Migrants : Du rejet au lynchage

À Calais, des riverains ont manifesté contre des occupants de la « jungle ». Une population fragilisée, victime d’actes de violence.

Ingrid Merckx  • 7 octobre 2015 abonné·es

La manifestation avait été interdite par la mairie mais autorisée par la préfecture. Ils étaient trois cents « Calaisiens en colère » à exprimer leur hostilité aux migrants sur une plage de Calais, le 4 octobre. « Cela fait chaud au cœur de voir autant de monde réuni », a confié à l’Agence France-Presse Sarah Guerlach, une des représentantes du collectif anti-migrants. « On veut récupérer les clés de la ville des Six Bourgeois », clamait une des banderoles.
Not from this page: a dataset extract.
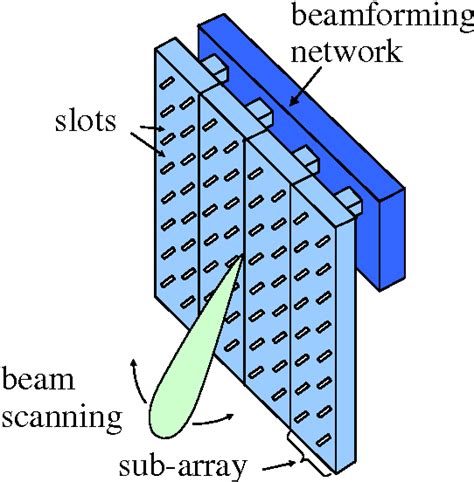 Figure From Design Of Millimeter Wave Slotted Waveguide Planar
Ce collectif qui se dit « apolitique » et « non raciste » a pourtant laissé la parole à Samuel Delcloy, qui figurait sur la liste Front national aux dernières municipales. «   On dénonce les agissements de clandestins de plus en plus violents, aurait-il déclaré, d’après la Voix du Nord. Ils veulent quoi ? Qu’on prenne leur place dans leur jungle et qu’eux ils prennent nos maisons ? », a-t-il ajouté, accusant les associations «   de faire leur beurre sur le dos de malheureux ». Des propos qui sont la copie de ceux tenus par Marine Le Pen deux jours plus tôt. Le 2 octobre, la présidente du FN a en effet qualifié Calais – 75 000 habitants – de « ville martyre », « assiégée » par quelque 3 000 migrants. Elle a demandé au conseil régional de geler les subventions aux associations qui les soutiennent. Mais a prévenu : «  Je ne vais pas créer une police spéciale migrants  » Certains ont anticipé : depuis le 2 septembre, une application mobile pour smartphone est disponible sur la plateforme de téléchargement Apple, qui permet aux chauffeurs routiers de signaler des regroupements de migrants sur les routes ou des tentatives d’intrusion dans leur camion. Les violences policières contre des migrants sont régulièrement dénoncées par les associations qui les soutiennent. Le 21 septembre, des Syriens réfugiés dans des squats en centre-ville étaient violemment expulsés par des CRS. Ils ont dû rejoindre à pied la « jungle », en périphérie, où vivent près de 3 500 personnes dans des conditions indignes : rats, tuberculose, gale, stress… « Un ghetto où la police ne va plus, où la mafia règne, où la prostitution est à l’œuvre », a déploré Véronique Fayet, du Secours catholique.

Le parquet de Boulogne-sur-Mer a ouvert une enquête concernant des actes d’agression sur des migrants. Au moins neuf cas de violence auraient été déclarés depuis août par des Érythréens et des Soudanais. Le 25 septembre, l’un d’eux aurait été enlevé par des individus en voiture, gazé, dénudé, roué de coups et laissé pour mort. C’est ce qu’on appelle un lynchage.